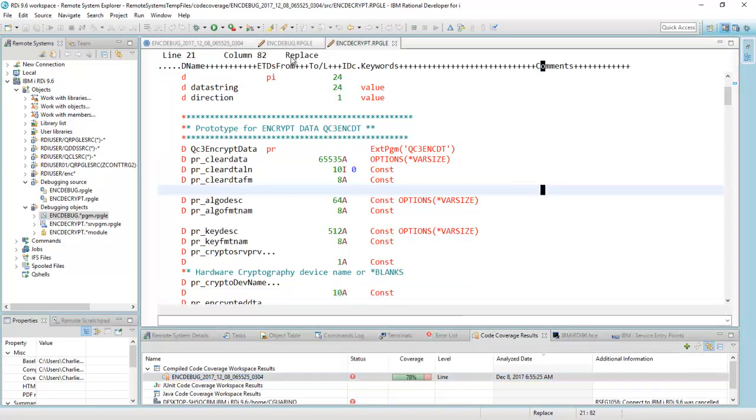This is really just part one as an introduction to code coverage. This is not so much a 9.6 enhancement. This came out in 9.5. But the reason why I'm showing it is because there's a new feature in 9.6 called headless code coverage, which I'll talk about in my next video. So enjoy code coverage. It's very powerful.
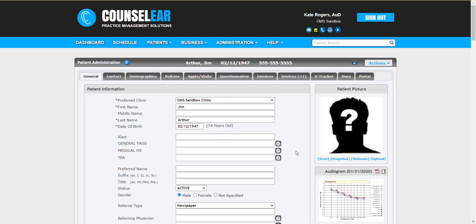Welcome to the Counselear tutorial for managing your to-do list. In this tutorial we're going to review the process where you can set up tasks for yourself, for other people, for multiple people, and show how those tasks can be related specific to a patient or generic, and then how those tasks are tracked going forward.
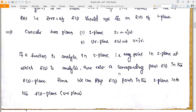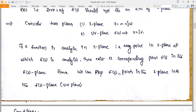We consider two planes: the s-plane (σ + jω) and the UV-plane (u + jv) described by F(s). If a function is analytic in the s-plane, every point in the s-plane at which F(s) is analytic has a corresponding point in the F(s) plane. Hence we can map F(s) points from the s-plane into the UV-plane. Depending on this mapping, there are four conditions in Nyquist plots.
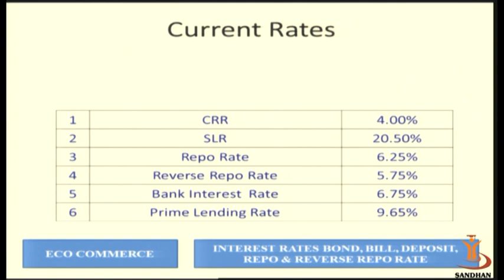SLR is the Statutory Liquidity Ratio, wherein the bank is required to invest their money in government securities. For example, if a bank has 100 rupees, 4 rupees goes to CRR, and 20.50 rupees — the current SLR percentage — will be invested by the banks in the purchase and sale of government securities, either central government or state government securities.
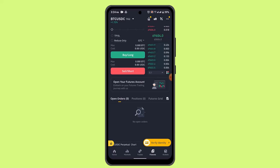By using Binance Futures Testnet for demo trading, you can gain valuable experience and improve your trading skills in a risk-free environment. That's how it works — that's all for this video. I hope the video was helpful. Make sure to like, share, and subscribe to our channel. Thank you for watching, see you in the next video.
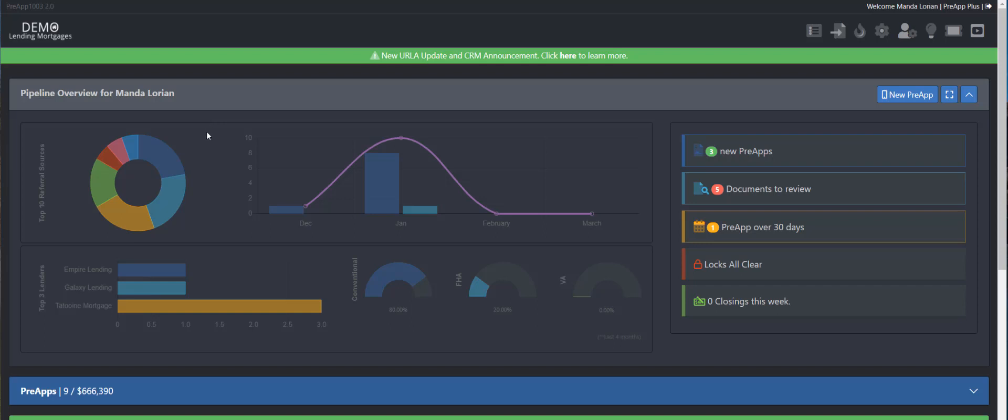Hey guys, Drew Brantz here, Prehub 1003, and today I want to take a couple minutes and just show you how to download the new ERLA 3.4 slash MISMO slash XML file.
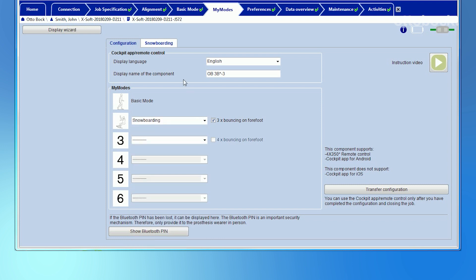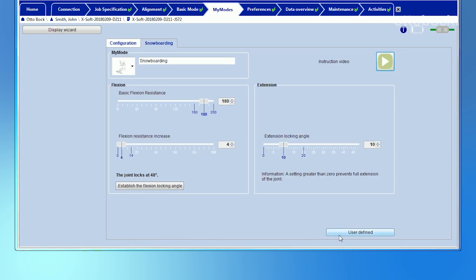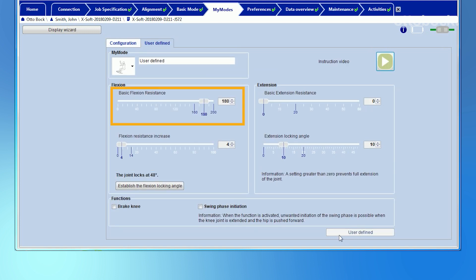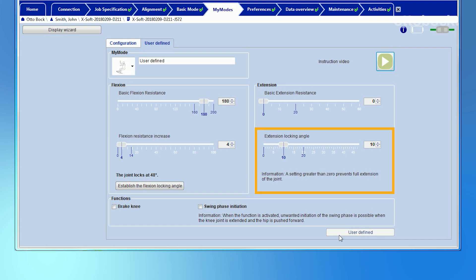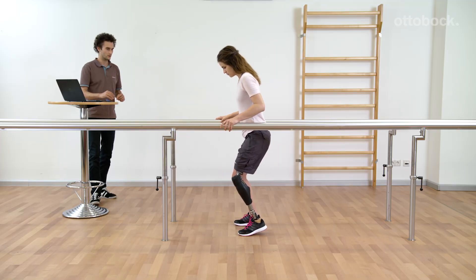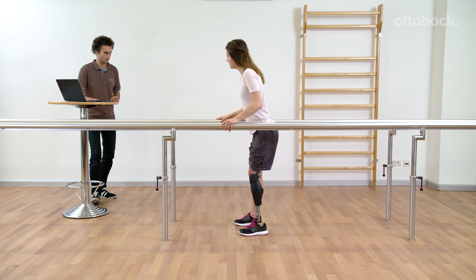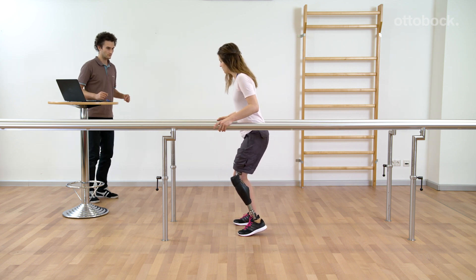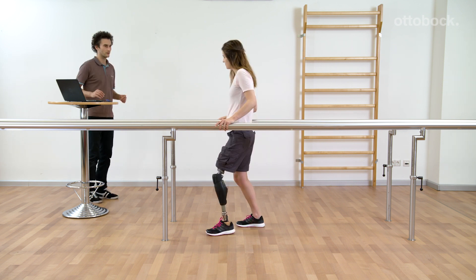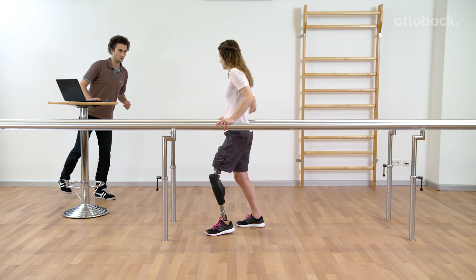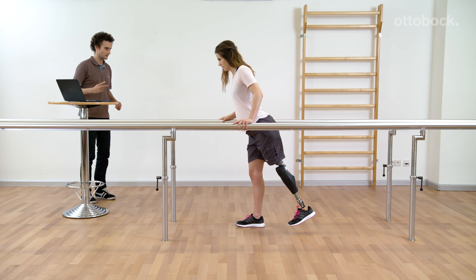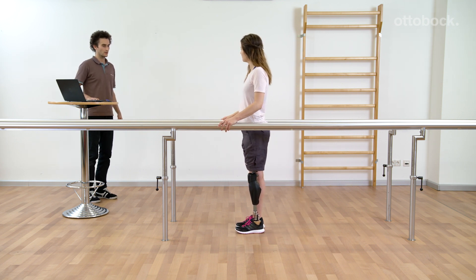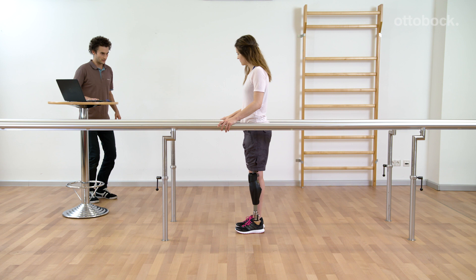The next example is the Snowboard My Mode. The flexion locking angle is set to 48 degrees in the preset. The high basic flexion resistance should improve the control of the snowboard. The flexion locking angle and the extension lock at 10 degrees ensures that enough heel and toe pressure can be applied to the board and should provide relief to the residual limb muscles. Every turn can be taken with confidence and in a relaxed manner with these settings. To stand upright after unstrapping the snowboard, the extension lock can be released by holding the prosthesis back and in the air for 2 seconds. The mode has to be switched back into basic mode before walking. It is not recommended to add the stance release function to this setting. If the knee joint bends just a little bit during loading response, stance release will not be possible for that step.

====

● EXERCISE
In the data above, find the line containing "Welcome to the" and the line containing "Hey guys, Drew". Copy exactly the stretch from the first through the second, both included, leaving out any picture.

● PROBLEM SOLUTION
Welcome to the Counselear tutorial for managing your to-do list. In this tutorial we're going to review the process where you can set up tasks for yourself, for other people, for multiple people, and show how those tasks can be related specific to a patient or generic, and then how those tasks are tracked going forward.
We consider two planes: the s-plane (σ + jω) and the UV-plane (u + jv) described by F(s). If a function is analytic in the s-plane, every point in the s-plane at which F(s) is analytic has a corresponding point in the F(s) plane. Hence we can map F(s) points from the s-plane into the UV-plane. Depending on this mapping, there are four conditions in Nyquist plots.
SLR is the Statutory Liquidity Ratio, wherein the bank is required to invest their money in government securities. For example, if a bank has 100 rupees, 4 rupees goes to CRR, and 20.50 rupees — the current SLR percentage — will be invested by the banks in the purchase and sale of government securities, either central government or state government securities.
By using Binance Futures Testnet for demo trading, you can gain valuable experience and improve your trading skills in a risk-free environment. That's how it works — that's all for this video. I hope the video was helpful. Make sure to like, share, and subscribe to our channel. Thank you for watching, see you in the next video.
Hey guys, Drew Brantz here, Prehub 1003, and today I want to take a couple minutes and just show you how to download the new ERLA 3.4 slash MISMO slash XML file.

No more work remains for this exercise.